A história de Asanga

A contemplação dos ensinamentos por trás do encontro com o Buda Maitreya


Por
Revisão: Cristiane Schardosim Martins
Tradução: Grupo de tradução CEBB

Lama Tsomo, autora da obra Deepening Wisdom, Deepening Connection, publicada em 2022 pela Namchak Publishing, narra nessa passagem do livro o encontro entre o aluno Asanga e o Buda Maitreya, e contempla os ensinamentos por trás dessa famosa passagem, que envolvem carma, prática, paciência, compaixão e bodhicitta. 

Essa história foi apresentada e comentada por Lama Padma Samten, no estudo de aprofundamento Natureza de Buda, que aconteceu no CEBB Caminho do Meio. Para acessar os ensinamentos, clique aqui.
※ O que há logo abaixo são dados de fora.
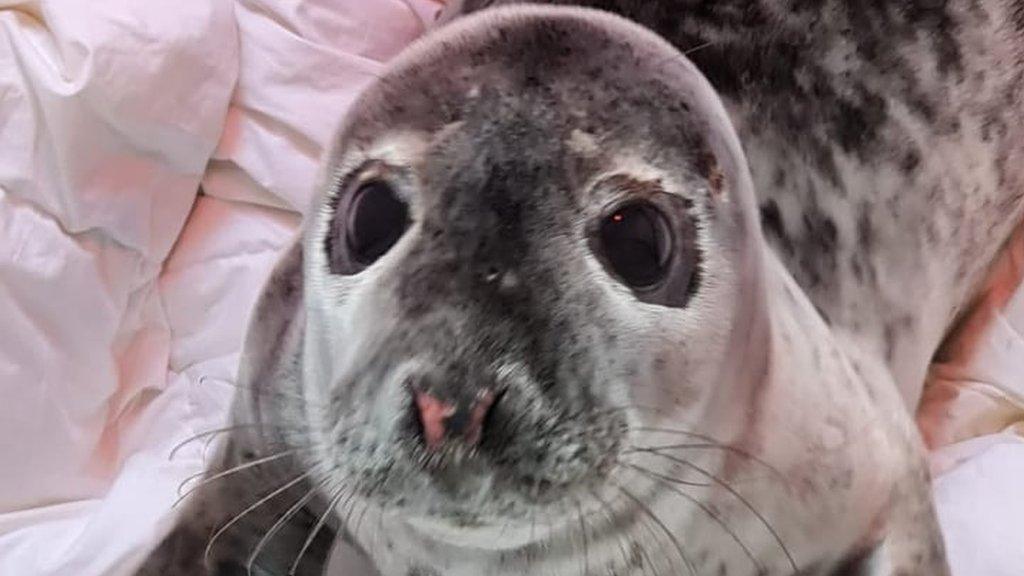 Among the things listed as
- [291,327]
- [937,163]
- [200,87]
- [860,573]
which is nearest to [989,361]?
[937,163]

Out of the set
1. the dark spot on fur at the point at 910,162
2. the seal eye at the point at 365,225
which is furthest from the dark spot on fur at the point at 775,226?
the seal eye at the point at 365,225

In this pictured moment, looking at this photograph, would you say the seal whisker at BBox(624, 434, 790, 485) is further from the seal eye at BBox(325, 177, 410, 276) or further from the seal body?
the seal eye at BBox(325, 177, 410, 276)

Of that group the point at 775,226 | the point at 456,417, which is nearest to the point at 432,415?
the point at 456,417

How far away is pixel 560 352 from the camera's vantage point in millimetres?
704

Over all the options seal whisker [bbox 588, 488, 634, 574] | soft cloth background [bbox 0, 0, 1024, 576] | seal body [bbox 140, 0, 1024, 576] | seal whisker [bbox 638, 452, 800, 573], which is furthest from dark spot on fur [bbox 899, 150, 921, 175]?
seal whisker [bbox 588, 488, 634, 574]

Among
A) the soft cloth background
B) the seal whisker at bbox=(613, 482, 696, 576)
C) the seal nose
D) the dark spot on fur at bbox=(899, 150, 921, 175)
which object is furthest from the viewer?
the soft cloth background

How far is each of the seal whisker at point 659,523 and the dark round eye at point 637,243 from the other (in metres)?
0.10

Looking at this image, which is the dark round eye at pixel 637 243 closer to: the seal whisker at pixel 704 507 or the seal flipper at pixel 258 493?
the seal whisker at pixel 704 507

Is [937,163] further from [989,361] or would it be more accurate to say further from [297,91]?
[297,91]

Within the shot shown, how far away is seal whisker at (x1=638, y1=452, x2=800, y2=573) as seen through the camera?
2.69 ft

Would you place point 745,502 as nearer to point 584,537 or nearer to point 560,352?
point 584,537

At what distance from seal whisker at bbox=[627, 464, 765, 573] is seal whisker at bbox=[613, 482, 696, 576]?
0.01 meters

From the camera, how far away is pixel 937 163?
127cm

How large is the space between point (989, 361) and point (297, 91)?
2.41 ft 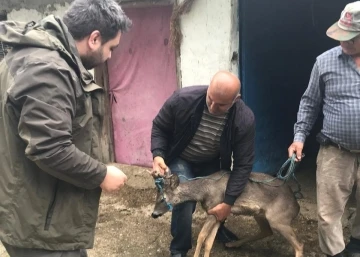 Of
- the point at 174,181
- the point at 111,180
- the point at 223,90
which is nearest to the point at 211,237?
the point at 174,181

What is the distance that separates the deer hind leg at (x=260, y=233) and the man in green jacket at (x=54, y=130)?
2.24 m

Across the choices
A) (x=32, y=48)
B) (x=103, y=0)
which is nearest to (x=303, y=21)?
(x=103, y=0)

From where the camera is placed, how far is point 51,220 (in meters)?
2.15

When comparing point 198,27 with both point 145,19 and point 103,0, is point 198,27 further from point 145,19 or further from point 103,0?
point 103,0

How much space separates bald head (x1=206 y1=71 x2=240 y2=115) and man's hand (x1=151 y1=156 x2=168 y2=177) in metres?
0.74

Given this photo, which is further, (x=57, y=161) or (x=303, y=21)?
(x=303, y=21)

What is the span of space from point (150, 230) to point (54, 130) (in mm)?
3209

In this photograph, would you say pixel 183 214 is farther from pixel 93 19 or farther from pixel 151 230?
pixel 93 19

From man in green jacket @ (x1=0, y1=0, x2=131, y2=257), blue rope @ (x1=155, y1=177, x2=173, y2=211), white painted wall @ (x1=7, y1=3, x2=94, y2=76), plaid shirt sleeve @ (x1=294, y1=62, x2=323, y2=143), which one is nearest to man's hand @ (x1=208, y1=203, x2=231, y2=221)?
blue rope @ (x1=155, y1=177, x2=173, y2=211)

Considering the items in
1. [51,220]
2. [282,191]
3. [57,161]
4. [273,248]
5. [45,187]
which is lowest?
[273,248]

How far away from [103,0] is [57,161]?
0.93 meters

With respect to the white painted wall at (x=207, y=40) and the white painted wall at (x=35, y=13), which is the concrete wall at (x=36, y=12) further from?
the white painted wall at (x=207, y=40)

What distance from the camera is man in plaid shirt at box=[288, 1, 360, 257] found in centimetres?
314

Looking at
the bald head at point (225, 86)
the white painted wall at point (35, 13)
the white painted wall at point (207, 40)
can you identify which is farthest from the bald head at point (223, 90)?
the white painted wall at point (35, 13)
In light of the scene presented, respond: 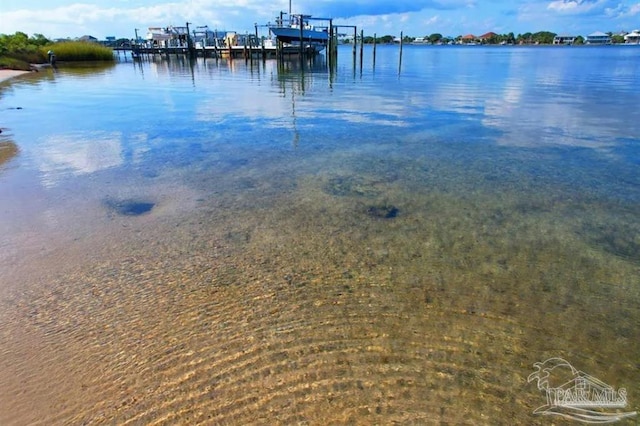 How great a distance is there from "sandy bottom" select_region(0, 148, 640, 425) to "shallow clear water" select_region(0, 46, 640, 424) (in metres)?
0.02

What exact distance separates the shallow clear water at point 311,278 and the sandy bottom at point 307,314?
0.02 m

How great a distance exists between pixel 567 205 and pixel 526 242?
1791 millimetres

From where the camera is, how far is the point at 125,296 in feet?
13.3

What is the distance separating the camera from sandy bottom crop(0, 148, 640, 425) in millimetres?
2869

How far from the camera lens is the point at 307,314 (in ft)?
12.4

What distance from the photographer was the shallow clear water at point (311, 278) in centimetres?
294

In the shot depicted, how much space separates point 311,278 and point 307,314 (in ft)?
2.16

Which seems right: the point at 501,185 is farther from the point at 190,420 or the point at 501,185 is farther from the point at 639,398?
the point at 190,420

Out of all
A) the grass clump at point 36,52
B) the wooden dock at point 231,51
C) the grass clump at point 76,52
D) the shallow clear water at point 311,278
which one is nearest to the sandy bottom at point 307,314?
the shallow clear water at point 311,278

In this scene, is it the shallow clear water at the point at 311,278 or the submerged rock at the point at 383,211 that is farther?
the submerged rock at the point at 383,211

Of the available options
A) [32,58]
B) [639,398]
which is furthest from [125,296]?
[32,58]

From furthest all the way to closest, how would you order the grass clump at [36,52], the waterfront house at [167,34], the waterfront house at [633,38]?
the waterfront house at [633,38], the waterfront house at [167,34], the grass clump at [36,52]

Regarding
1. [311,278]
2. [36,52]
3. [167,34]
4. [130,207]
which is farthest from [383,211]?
[167,34]

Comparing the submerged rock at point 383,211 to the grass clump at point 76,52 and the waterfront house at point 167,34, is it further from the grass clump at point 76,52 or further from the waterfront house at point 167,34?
the waterfront house at point 167,34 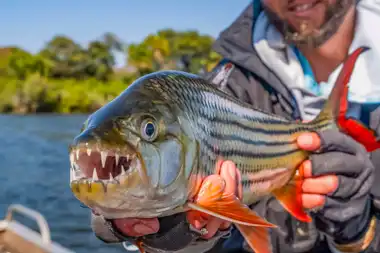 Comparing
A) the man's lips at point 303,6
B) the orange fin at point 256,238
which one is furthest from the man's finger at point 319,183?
the man's lips at point 303,6

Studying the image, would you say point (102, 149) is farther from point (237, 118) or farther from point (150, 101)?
point (237, 118)

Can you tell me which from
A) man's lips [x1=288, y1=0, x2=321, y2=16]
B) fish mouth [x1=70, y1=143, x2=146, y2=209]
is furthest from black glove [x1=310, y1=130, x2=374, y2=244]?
fish mouth [x1=70, y1=143, x2=146, y2=209]

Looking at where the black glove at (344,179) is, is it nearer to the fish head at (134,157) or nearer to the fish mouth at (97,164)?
the fish head at (134,157)

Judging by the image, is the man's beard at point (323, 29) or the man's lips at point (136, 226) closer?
the man's lips at point (136, 226)

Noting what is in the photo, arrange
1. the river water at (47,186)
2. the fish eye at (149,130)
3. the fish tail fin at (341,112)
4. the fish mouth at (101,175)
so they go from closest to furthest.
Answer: the fish mouth at (101,175), the fish eye at (149,130), the fish tail fin at (341,112), the river water at (47,186)

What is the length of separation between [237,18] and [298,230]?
4.03 ft

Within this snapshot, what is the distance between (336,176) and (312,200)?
0.44 ft

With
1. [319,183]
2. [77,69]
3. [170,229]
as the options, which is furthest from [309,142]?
[77,69]

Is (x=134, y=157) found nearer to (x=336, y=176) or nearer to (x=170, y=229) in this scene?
(x=170, y=229)

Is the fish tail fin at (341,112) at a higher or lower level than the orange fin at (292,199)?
higher

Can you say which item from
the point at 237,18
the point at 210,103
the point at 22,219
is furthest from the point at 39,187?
the point at 210,103

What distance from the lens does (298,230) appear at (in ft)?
8.11

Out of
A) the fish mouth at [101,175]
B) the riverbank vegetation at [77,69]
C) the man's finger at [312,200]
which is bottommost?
the riverbank vegetation at [77,69]

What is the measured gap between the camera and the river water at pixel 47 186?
11797 mm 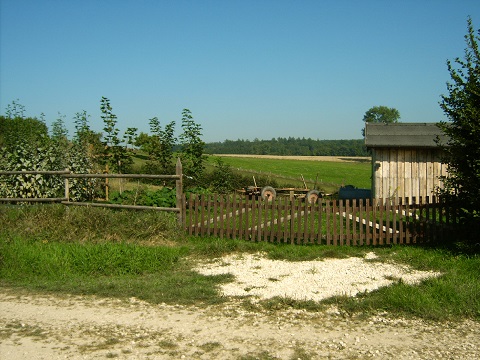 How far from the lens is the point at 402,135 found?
16734 millimetres

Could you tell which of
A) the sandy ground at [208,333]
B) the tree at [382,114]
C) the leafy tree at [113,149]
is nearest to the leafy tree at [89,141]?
the leafy tree at [113,149]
Aqui há outra história que mostra como podemos limpar nosso para-brisa cármico, não apenas por meio de shamata, como também pela abordagem de bodhicitta da Compaixão Ilimitada. Lembrem-se de que aquilo que transforma nossas tendências cármicas e habituais de autocentramento remove os obscurecimentos das nossas lentes — ou do nosso para-brisa. É necessária muita repetição para transformar nossos hábitos, criando e expandindo novos caminhos neuronais e dissolvendo os velhos.
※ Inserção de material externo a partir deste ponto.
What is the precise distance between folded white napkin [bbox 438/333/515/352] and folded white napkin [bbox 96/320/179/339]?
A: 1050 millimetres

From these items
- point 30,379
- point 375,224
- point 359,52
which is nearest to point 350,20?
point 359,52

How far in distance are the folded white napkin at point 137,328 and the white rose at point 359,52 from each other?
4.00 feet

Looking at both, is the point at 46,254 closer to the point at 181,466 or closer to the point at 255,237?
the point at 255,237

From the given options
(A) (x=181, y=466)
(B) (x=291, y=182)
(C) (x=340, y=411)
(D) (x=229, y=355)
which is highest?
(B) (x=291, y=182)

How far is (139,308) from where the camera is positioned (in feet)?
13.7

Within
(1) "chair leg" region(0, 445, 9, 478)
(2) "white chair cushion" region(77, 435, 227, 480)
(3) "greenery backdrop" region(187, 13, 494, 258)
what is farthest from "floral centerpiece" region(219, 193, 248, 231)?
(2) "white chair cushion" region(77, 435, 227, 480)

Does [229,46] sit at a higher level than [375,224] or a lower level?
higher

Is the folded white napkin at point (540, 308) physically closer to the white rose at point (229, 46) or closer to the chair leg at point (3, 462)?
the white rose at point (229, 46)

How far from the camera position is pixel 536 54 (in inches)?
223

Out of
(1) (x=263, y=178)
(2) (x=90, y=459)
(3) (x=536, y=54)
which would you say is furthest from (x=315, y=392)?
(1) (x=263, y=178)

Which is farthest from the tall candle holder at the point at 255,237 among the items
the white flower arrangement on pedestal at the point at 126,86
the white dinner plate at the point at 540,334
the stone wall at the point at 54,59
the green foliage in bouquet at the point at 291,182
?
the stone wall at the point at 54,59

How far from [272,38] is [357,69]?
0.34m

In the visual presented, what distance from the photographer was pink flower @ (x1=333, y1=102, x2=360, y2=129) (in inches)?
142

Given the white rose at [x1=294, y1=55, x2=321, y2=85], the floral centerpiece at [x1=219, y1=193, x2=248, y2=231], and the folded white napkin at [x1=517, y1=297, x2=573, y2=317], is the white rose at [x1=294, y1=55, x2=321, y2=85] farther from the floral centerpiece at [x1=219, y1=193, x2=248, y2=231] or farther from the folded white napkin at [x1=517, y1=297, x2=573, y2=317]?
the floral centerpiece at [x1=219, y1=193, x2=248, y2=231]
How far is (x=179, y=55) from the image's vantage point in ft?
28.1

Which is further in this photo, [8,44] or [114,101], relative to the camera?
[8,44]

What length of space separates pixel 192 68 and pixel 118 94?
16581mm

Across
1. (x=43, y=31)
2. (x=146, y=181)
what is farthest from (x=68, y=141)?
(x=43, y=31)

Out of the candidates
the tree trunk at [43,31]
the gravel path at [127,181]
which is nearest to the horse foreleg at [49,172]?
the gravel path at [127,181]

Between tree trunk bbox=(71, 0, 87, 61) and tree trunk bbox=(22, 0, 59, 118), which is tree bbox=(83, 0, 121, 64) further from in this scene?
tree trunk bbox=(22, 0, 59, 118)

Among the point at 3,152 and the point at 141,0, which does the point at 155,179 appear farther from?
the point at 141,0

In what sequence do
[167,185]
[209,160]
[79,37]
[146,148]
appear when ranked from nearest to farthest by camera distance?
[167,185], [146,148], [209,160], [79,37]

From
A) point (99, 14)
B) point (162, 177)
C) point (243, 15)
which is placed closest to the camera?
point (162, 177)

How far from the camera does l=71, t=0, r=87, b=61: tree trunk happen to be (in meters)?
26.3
“Muito tempo atrás, na Índia antiga, um aluno do Darma chamado Asanga tinha um objetivo: ver o Futuro Buda Maitreya, que já era um grande bodhisattva. Ele planejava receber suas instruções. Então, começou um retiro com foco na prática de Maitreya em uma caverna na Montanha Kukkutapada. Asanga passava todas as horas de vigília, todo dia sem falta, recitando o mantra de Maitreya, visualizando-o, fazendo oferendas e assim por diante. Isso se estendeu por seis anos.
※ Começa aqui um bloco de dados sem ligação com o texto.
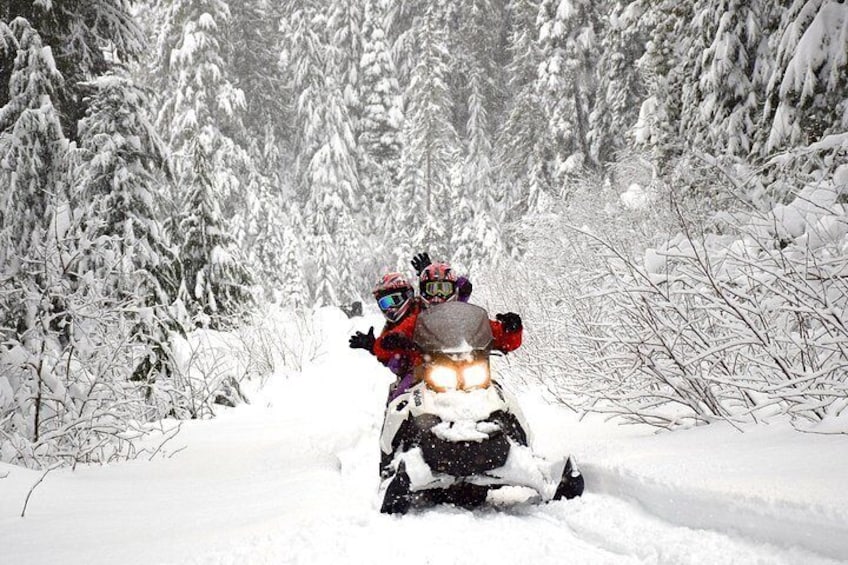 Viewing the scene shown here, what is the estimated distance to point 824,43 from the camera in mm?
6543

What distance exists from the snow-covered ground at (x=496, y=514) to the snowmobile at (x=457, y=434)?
16 centimetres

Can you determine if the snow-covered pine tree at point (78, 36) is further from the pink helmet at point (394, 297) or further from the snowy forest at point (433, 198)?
the pink helmet at point (394, 297)

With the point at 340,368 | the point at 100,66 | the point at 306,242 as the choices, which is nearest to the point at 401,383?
the point at 100,66

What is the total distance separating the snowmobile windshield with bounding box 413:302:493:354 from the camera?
12.2ft

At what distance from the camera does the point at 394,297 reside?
490cm

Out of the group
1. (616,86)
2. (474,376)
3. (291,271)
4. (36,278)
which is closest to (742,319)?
(474,376)

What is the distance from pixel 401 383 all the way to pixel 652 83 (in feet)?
41.2

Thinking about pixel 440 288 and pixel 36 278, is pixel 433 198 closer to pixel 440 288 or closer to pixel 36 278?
pixel 36 278

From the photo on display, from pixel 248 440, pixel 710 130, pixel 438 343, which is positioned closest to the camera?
pixel 438 343

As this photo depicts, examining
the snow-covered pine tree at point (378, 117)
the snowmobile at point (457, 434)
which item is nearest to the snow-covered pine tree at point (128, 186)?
the snowmobile at point (457, 434)

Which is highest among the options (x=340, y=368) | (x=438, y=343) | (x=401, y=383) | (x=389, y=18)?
(x=389, y=18)

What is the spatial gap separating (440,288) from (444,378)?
119 centimetres

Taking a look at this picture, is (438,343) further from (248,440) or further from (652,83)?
(652,83)

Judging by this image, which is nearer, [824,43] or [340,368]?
[824,43] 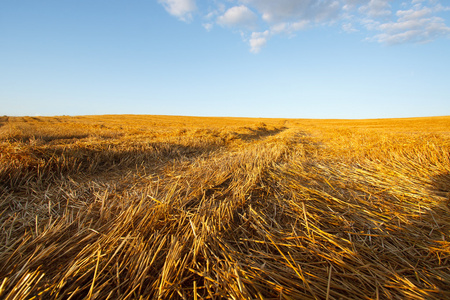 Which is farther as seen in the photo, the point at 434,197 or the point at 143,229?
the point at 434,197

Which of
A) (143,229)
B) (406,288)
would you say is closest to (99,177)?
(143,229)

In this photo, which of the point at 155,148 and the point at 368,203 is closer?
the point at 368,203

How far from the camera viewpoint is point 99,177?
317 cm

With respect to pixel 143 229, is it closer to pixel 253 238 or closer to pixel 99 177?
pixel 253 238

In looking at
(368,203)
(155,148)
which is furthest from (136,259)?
(155,148)

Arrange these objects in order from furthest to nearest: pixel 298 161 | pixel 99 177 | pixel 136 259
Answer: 1. pixel 298 161
2. pixel 99 177
3. pixel 136 259

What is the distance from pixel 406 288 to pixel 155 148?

Ele nunca viu Maitreya, nem mesmo em sonhos. Não teve nenhum tipo de sinal. Foi ficando desanimado e desistiu. Após completar os rituais de encerramento de seu retiro, arrumou suas malas e saiu pela rua em desespero. Em certo ponto, encontrou um homem esfregando um enorme poste de ferro com um lenço macio. “O que está fazendo, meu amigo?”, Asanga perguntou. “Preciso de uma agulha, então estou esfregando este poste para transformá-lo em uma agulha.” “Hmm”, pensou Asanga, “Ele precisaria ficar uns cem anos esfregando para conseguir o que deseja. Ainda assim, persevera. E cá estou eu, supostamente um bom praticante, mas desisti do meu elevado objetivo depois de meros seis anos. Meu objetivo é incomparavelmente mais importante e benéfico do que uma agulha.” Asanga sentiu-se constrangido e pesaroso por não conhecer o significado de perseverança.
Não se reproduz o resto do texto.